The Christmas tree is down for another season

COFFEE WITH WARREN, with Warren Harbeck
Cochrane Eagle, January 12, 2005

Putting away the Christmas tree for another year is never easy for me. I mean, I procrastinate setting up the tree till nearly Christmas Eve – long after everyone else in our neighborhood has had their house aglow for weeks. But when it comes to putting it all away again, I'd be just as happy to leave the tree up forever.

I think it's more about memories than laziness. True, each ornament I hang on the tree in the first place evokes its own memories of Christmases past. The red glass balls have been with us from house to house since our now-grown boys were in grade school.

A pair of balls with hand-painted cardinals was a gift from our niece's children as a token of their love. Friends gave us the wire-and-glass angel one year when they felt we needed an added awareness of God's love – it hangs from a branch near the middle of the tree.

Yes, each of those ornaments has its own story.

If that were all, then like a photo album, it would be sufficient to get them out every now and then for just a few minutes – long enough to remind ourselves of their legacy – and then stash them for another season.

But that's not all. This is a holistic experience. Each year the decorations come together in their own unique arrangement to honor the unique blend of people who gather in their midst – a community of friends and family hosted by a tree and its community of ornaments, sharing moments to remember.

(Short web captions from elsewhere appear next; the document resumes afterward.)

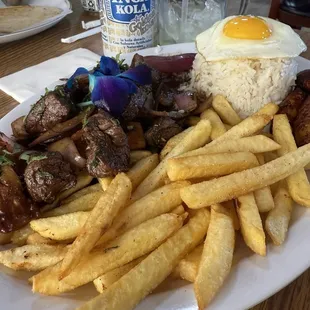 Lomo saltado a lo pobre, cooked to perfection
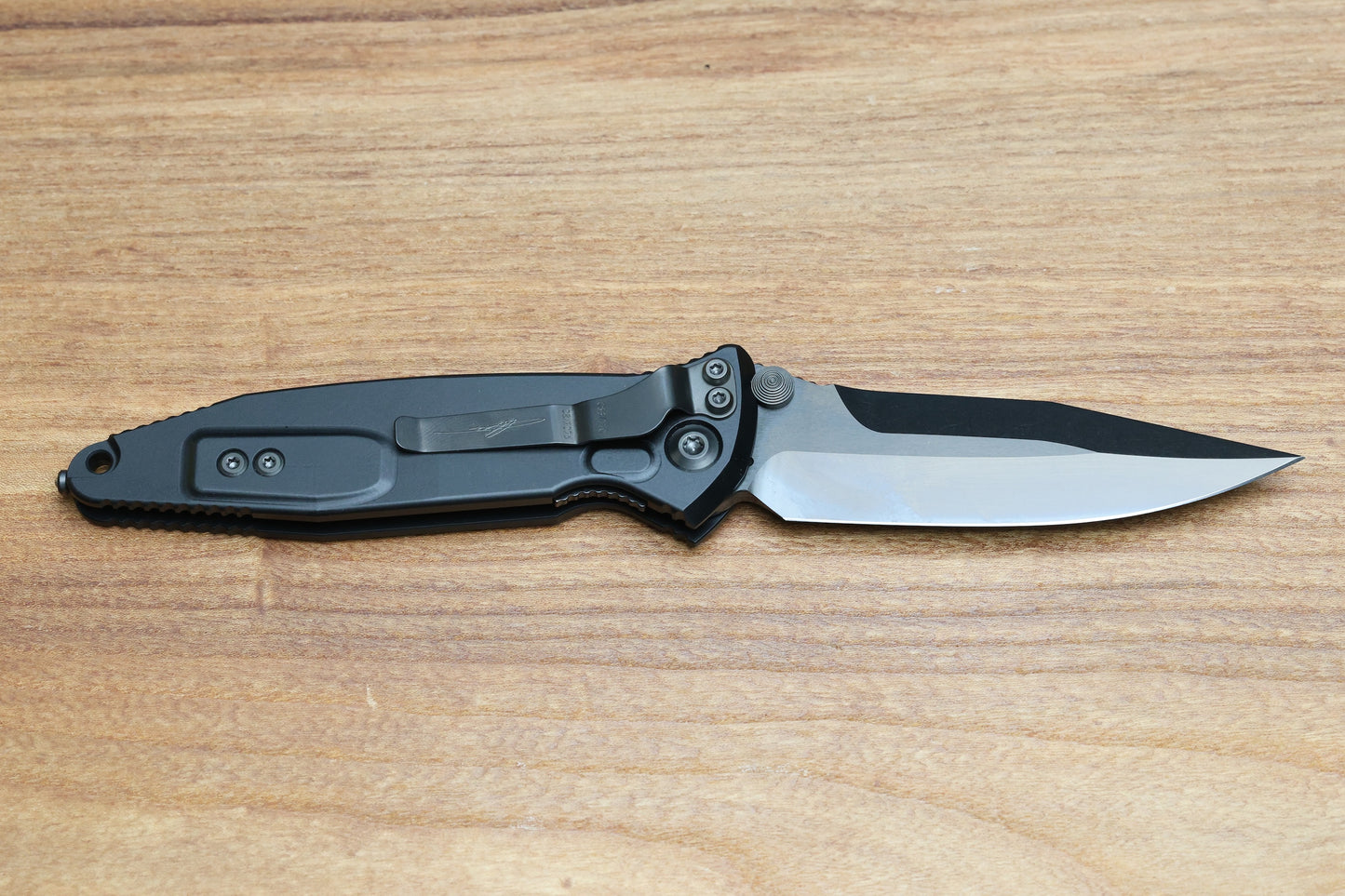 MICROTECH SOCOM ELITE M/A DLC SPIKE GRIND W/ GLOW FAT CARBON INLAYS SIGNATURE SERIES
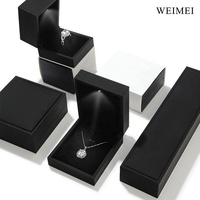 WeiMei Usine Vente en Gros Cuir PU Noir Led Lumière Jewlery Boîte à Bagues Lampe Blanche Luxe Avec Ampoule Emballage Boîte à Bijoux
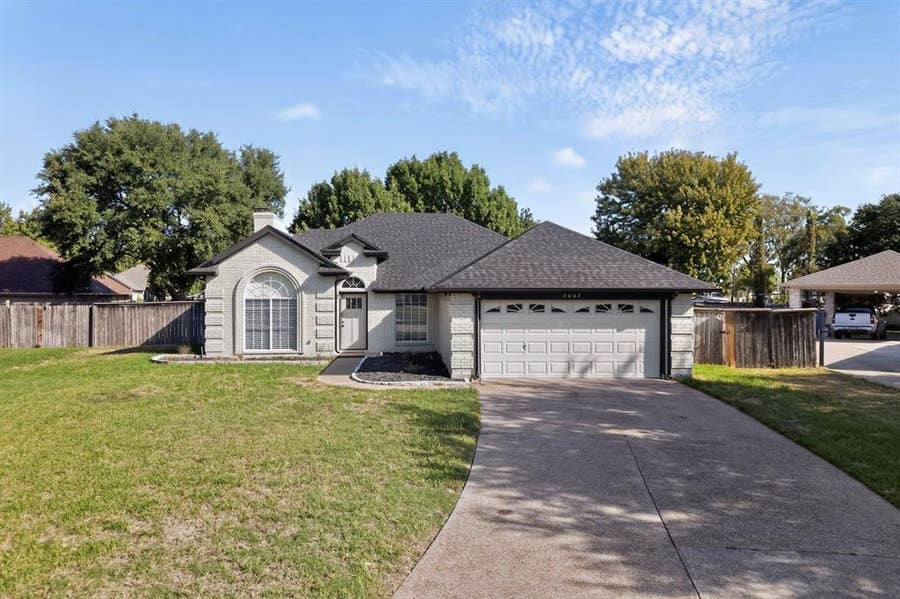Property photo for 2662 Village Green Drive, Grand Prairie, TX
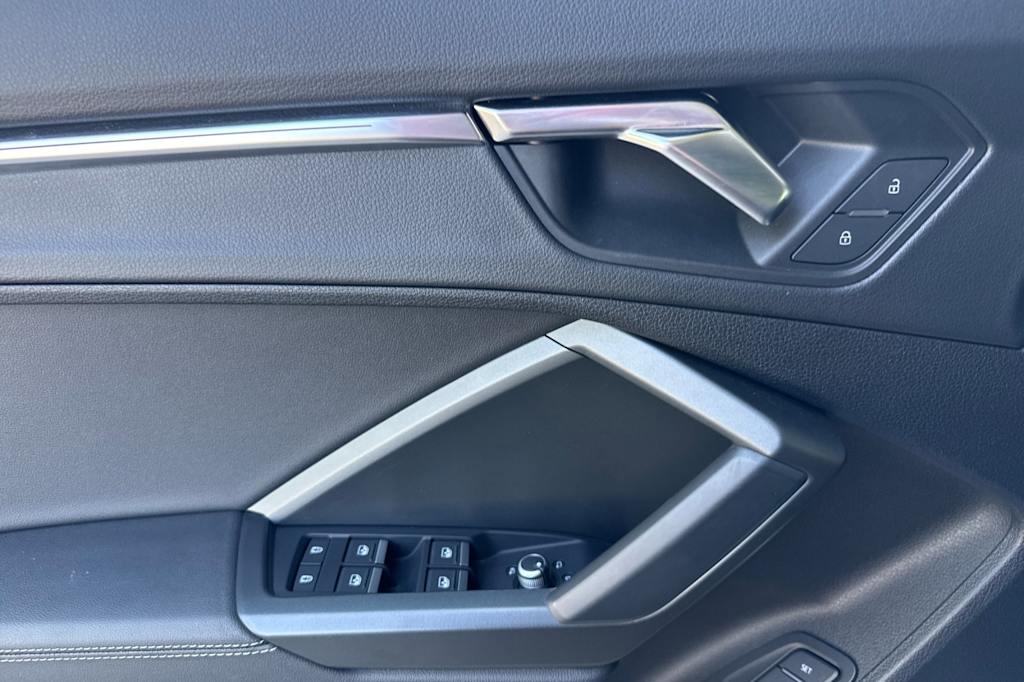 Thumbnail: 2023 Audi Q3 - 22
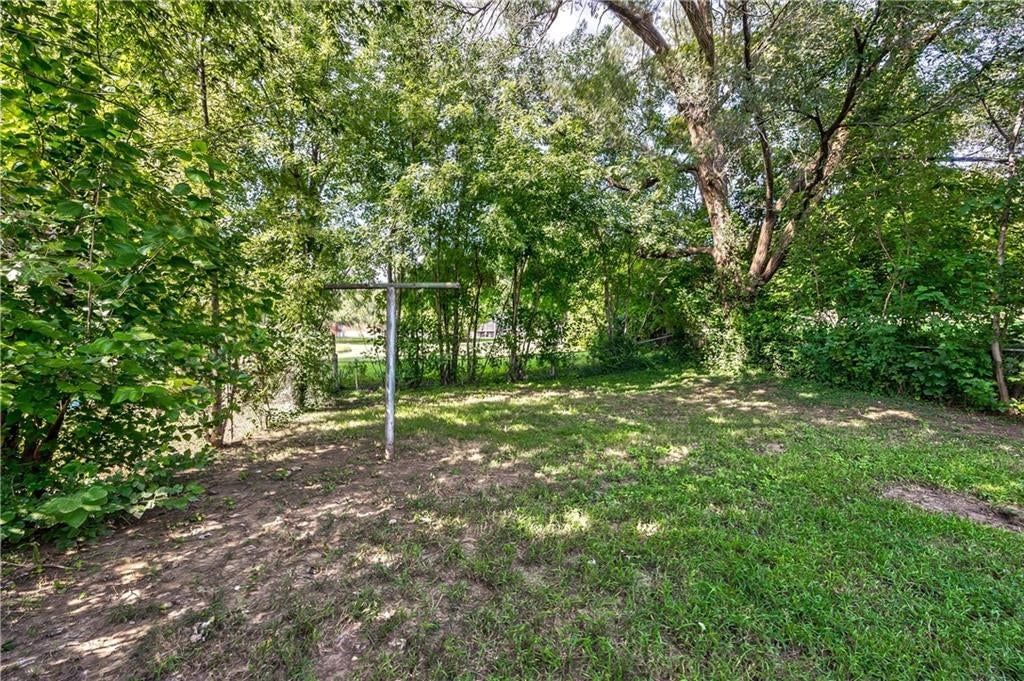 10820-10822 W 49 Street — photo 34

Our seven-foot artificial tree, iridescent white and sparkling with its strings of miniature white lights, is like a living room version of a summer's campfire around which songs are sung, friendships made, loves embraced, lives enriched, journeys recounted. And how hard it is to see the last embers fade for another night.

But "to everything there is a season," and so begins my melancholy task.

I bring the empty boxes up from the storeroom. In one, I place the festive ribbons, bows, towels, table cloths, and Santa stockings. In another, I gently pack Christmas mugs, serving dishes, and a stained-glass Nativity scene. The red, white and gold ceramic Santa, a treasured hand-crafted gift, has its own bubble wrap and box, as does a ceramic church.

The red-fruited wreath and wall decorations come down; the welcome banner is carefully folded.

And now the tree. I insisted on keeping the lights lit while packing the other ornaments.

Five feathered cardinals are the first to come off, including the one perched atop the tree.

Next off are the five dozen delicate red glass ornaments – the long ones, the round ones, and the funny-shaped ones. (Somehow I managed to break two of them this time – rats!) Then come a few miscellaneous pieces, two gold ribbons, and a ruby-crystal cross. The cross had its own special place at the visual heart of the tree, a reminder of the reason for the season.

And finally, the lights, till all that is left is the tree itself, still welcoming, but ready to be boxed away for a 49-week rest, while the relationships it inspired grow in beauty like the roses of summer.

O Christmas tree, O Christmas tree, what joy you've brought our household!


Before I close this week's column, I want to share a note I received from St. Albert coffee companion Jenny Bocock. Moved by the Boxing Day tsunami, she said:

"It is encouraging to hear how people have opened their hearts and purses to tsunami survivors in Southeast Asia.

"There are other tsunamis, however – tsunamis of evil – that have and are still sweeping across nations. When I wrote to a friend in Cambodia that I would contribute to orphans and students there because of the tsunami of evil that killed one million people, a man who is working hard to run orphanages was most touched.

"I think of Zimbabwe where Mugabe's regime has brought famine to what used to be the bread basket of Africa. The same has happened in Burma.

"We all have to be vigilant to resist these tsunamis of evil and keep good in control."